DATA FOR REVIEW>

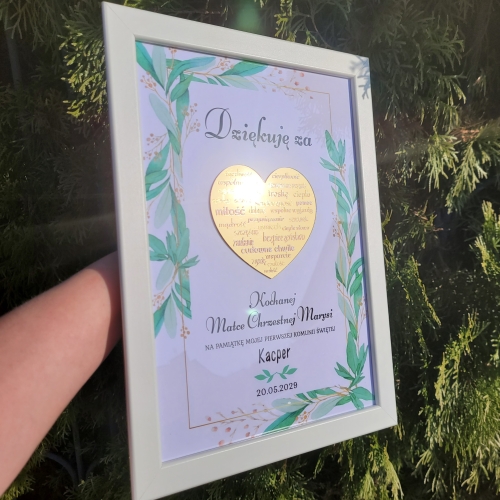 Piękny obrazek pamiątka i podziękowanie dla chrzestnych na I Komunie Świętą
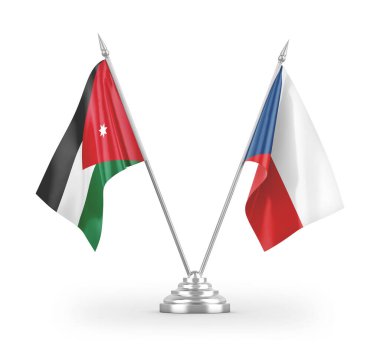 Çek ve Ürdün bayrakları beyaz arkaplan 3d görüntüleme üzerinde izole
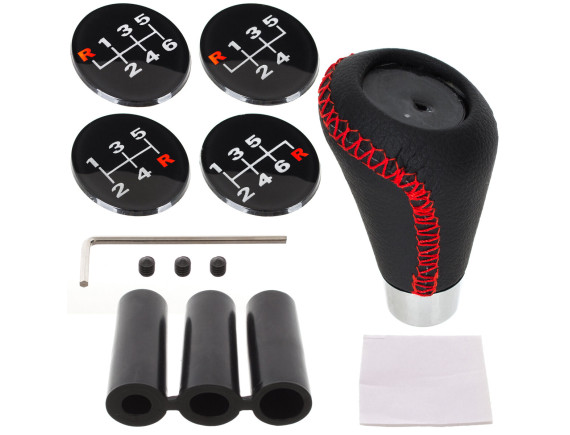 UNIVERZALNA ročica menjalnika ČRNO USNJE + KROM + RDEČ NIT + EMBLEM 5 IN 6 SET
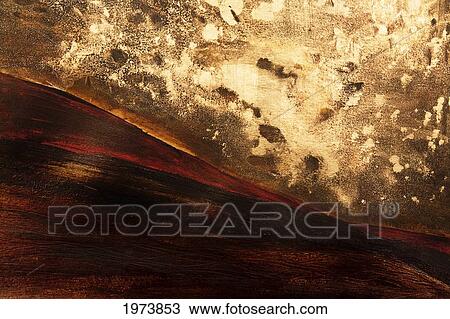 Stock Image - Volcano Sunrise, Abstract Sunrise With Golden Sky (Acrylic Painting).. Fotosearch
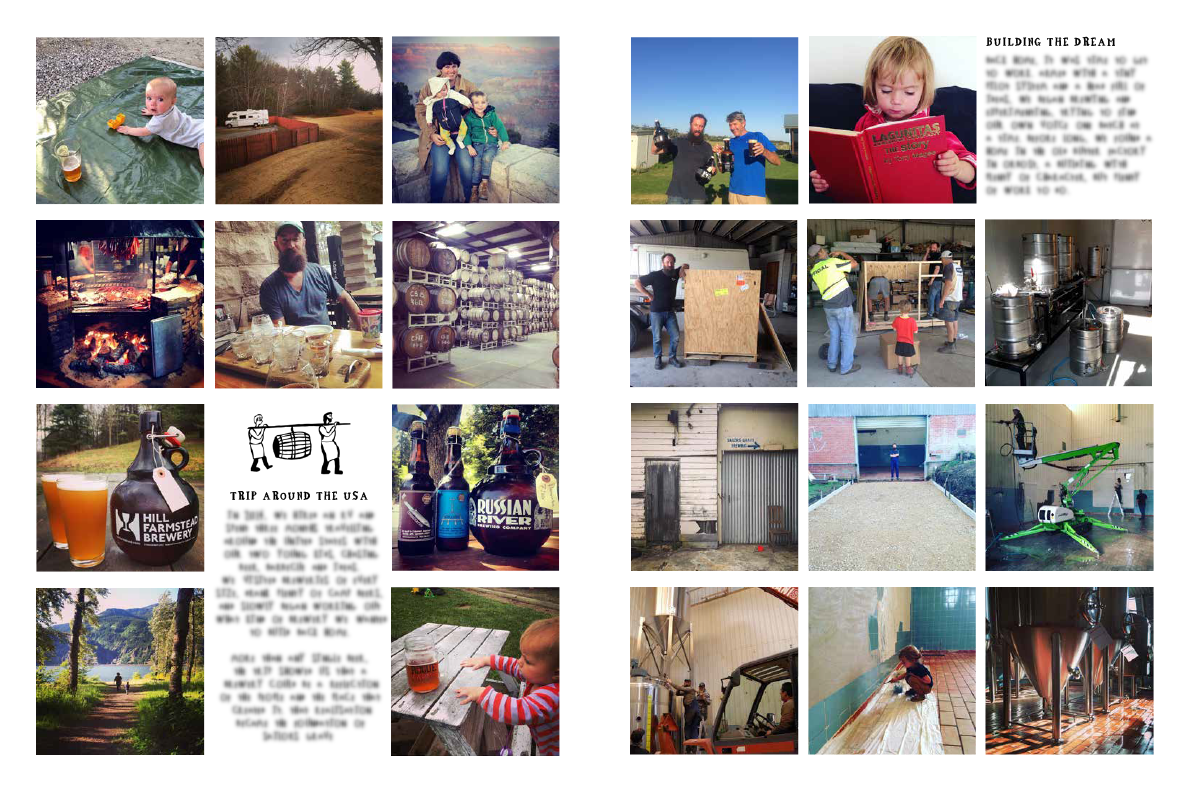 A two-page brochure or website spread featuring a collage of photographs and text about a brewery. The left page includes a logo with a beer glass and the words 'TRIP AHEAD THE OTA', while the right page has a heading 'FUELING THE PLEASANT' above photos of people, brewing equipment, and outdoor scenes.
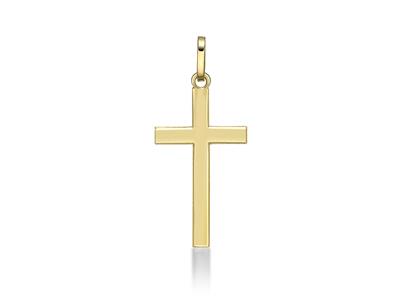 Colgante Cruz Pulida Maciza 22 Mm, Oro Amarillo 18k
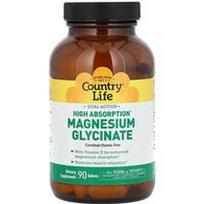 Country Life, Dvigubo poveikio, didelės absorbcijos magnio glicinatas, 90 tablečių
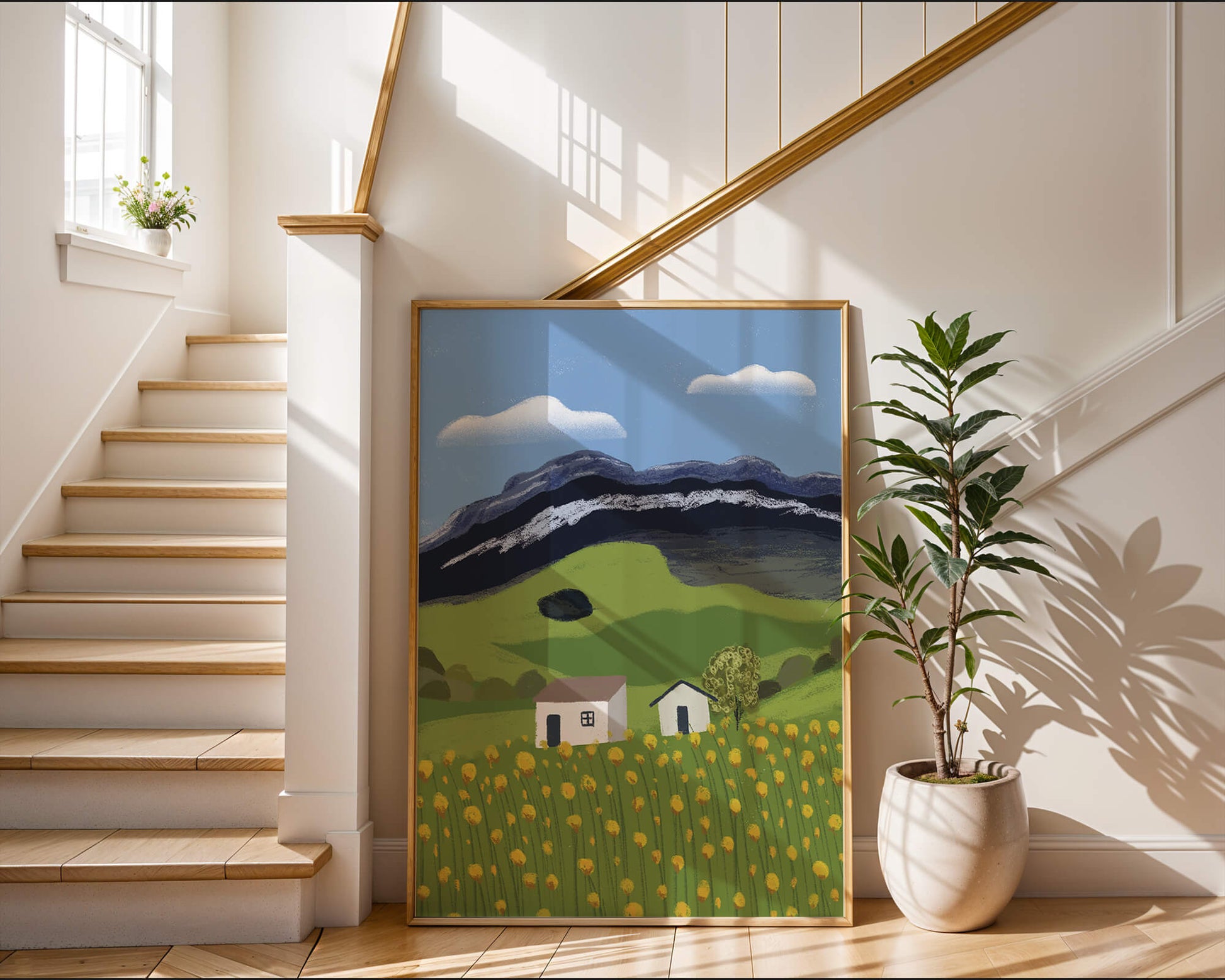 Peaceful Rural Landscape with Houses and Yellow Flowers under Blue Sky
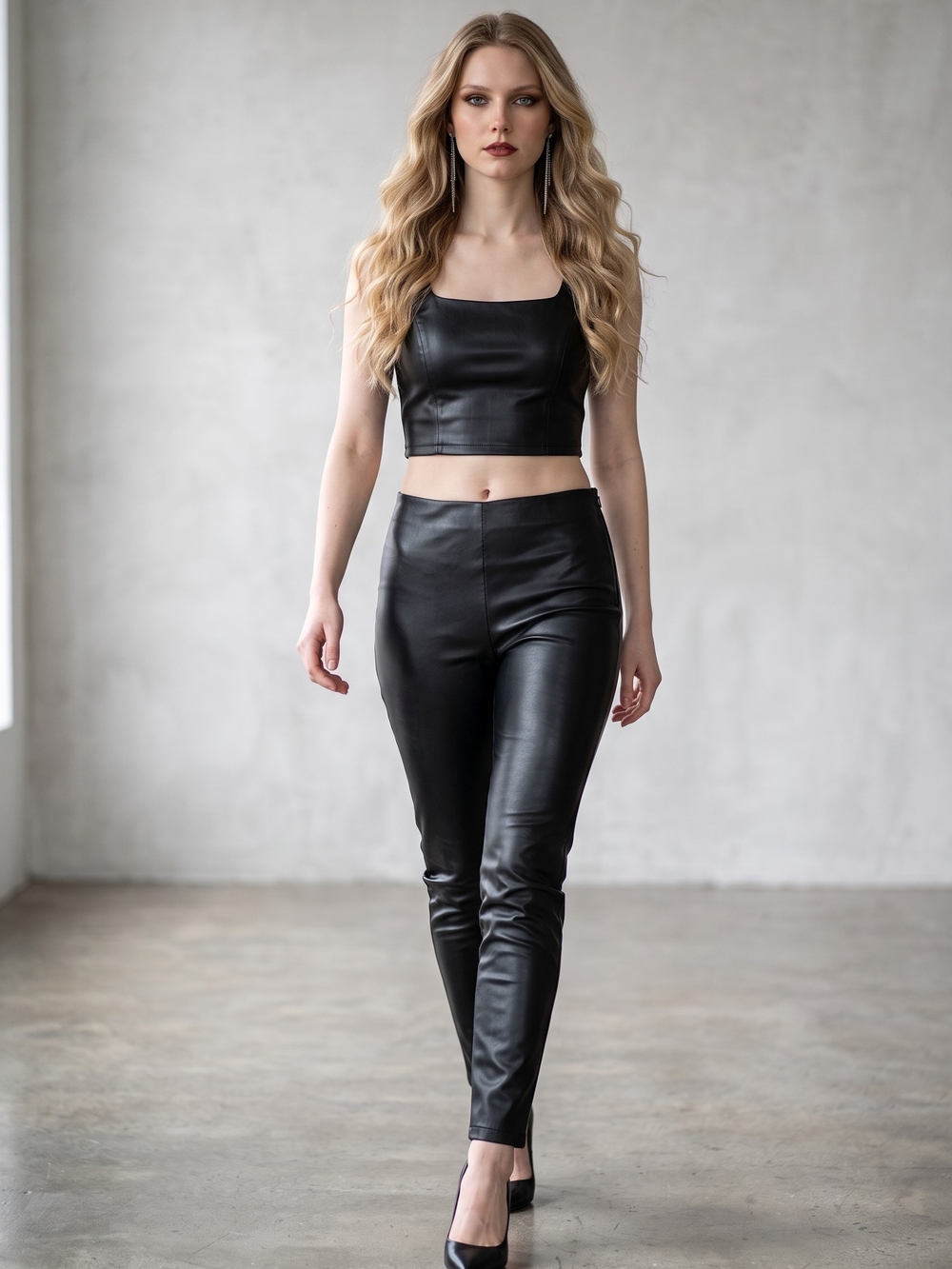 VENUS Black Faux Leather Skinny Pants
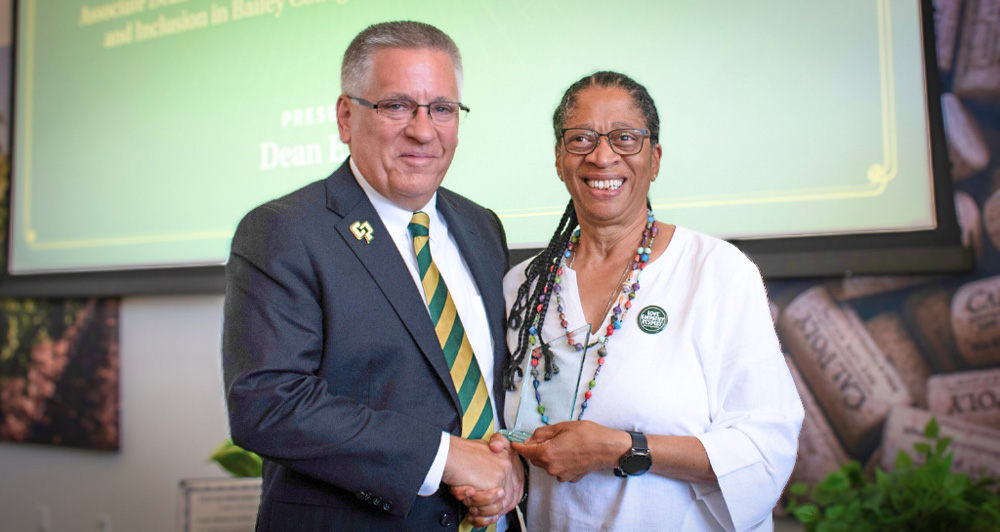 President Armstrong (left) and Camille O'Bryant at the Cal Poly President's Diversity Awards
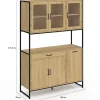 Buffet de cuisine vitré 120 CM DETROIT meuble vaisselier 6 portes design industriel + tiroir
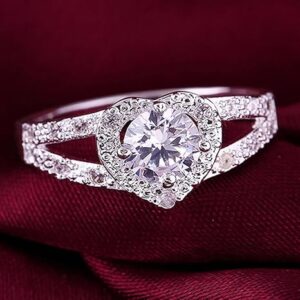 1PCs Silver Ring Crystal Heart Shaped Wedding Jewelry Engagement Ring Women Accesories-B0DS2XMK77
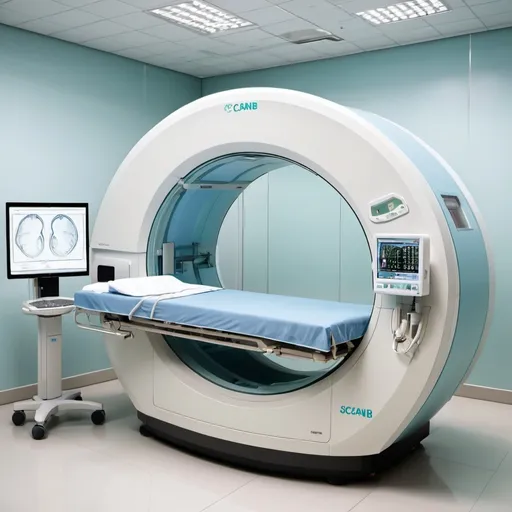 Prompt: Technology medical ct scanb  bed glass curve cover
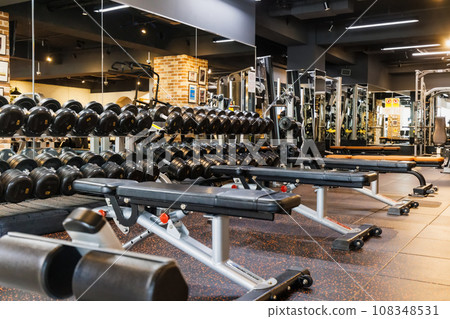 Interior view of an unmanned fitness gym 108348531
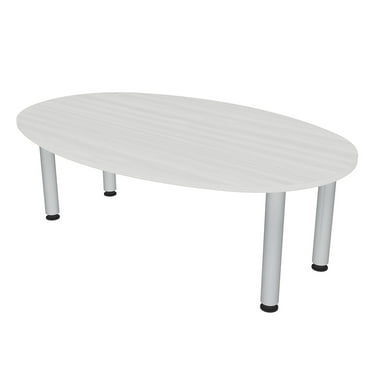 6 Person Powered Boat-Oval Shaped Conference Table Silver Post Legs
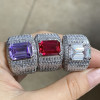 10ct Invisible Setting Emerald Cut White Sapphire Engagement Ring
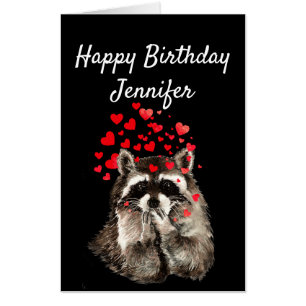 Birthday Hugs & Kisses Raccoon Sweetheart Custom Card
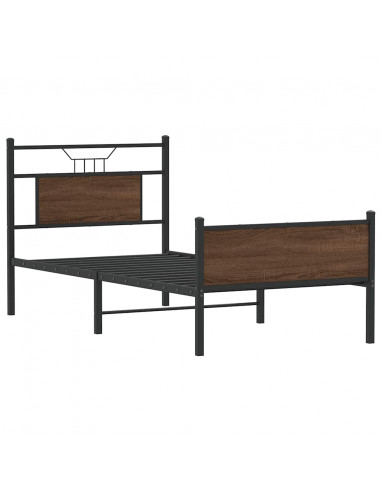 Giroletto senza Materasso Rovere Marrone 80x200cm in Truciolato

INSTRUCTIONS FOR THE TASK>
Leave the pictures out. Repeat every entry above exactly.

WORKED SOLUTION>
 Piękny obrazek pamiątka i podziękowanie dla chrzestnych na I Komunie Świętą
 Çek ve Ürdün bayrakları beyaz arkaplan 3d görüntüleme üzerinde izole
 UNIVERZALNA ročica menjalnika ČRNO USNJE + KROM + RDEČ NIT + EMBLEM 5 IN 6 SET
 Stock Image - Volcano Sunrise, Abstract Sunrise With Golden Sky (Acrylic Painting).. Fotosearch
 A two-page brochure or website spread featuring a collage of photographs and text about a brewery. The left page includes a logo with a beer glass and the words 'TRIP AHEAD THE OTA', while the right page has a heading 'FUELING THE PLEASANT' above photos of people, brewing equipment, and outdoor scenes.
 Colgante Cruz Pulida Maciza 22 Mm, Oro Amarillo 18k
 Country Life, Dvigubo poveikio, didelės absorbcijos magnio glicinatas, 90 tablečių
 Peaceful Rural Landscape with Houses and Yellow Flowers under Blue Sky
 VENUS Black Faux Leather Skinny Pants
 President Armstrong (left) and Camille O'Bryant at the Cal Poly President's Diversity Awards
 Buffet de cuisine vitré 120 CM DETROIT meuble vaisselier 6 portes design industriel + tiroir
 1PCs Silver Ring Crystal Heart Shaped Wedding Jewelry Engagement Ring Women Accesories-B0DS2XMK77
 Prompt: Technology medical ct scanb  bed glass curve cover
 Interior view of an unmanned fitness gym 108348531
 6 Person Powered Boat-Oval Shaped Conference Table Silver Post Legs
 10ct Invisible Setting Emerald Cut White Sapphire Engagement Ring
 Birthday Hugs & Kisses Raccoon Sweetheart Custom Card
 Giroletto senza Materasso Rovere Marrone 80x200cm in Truciolato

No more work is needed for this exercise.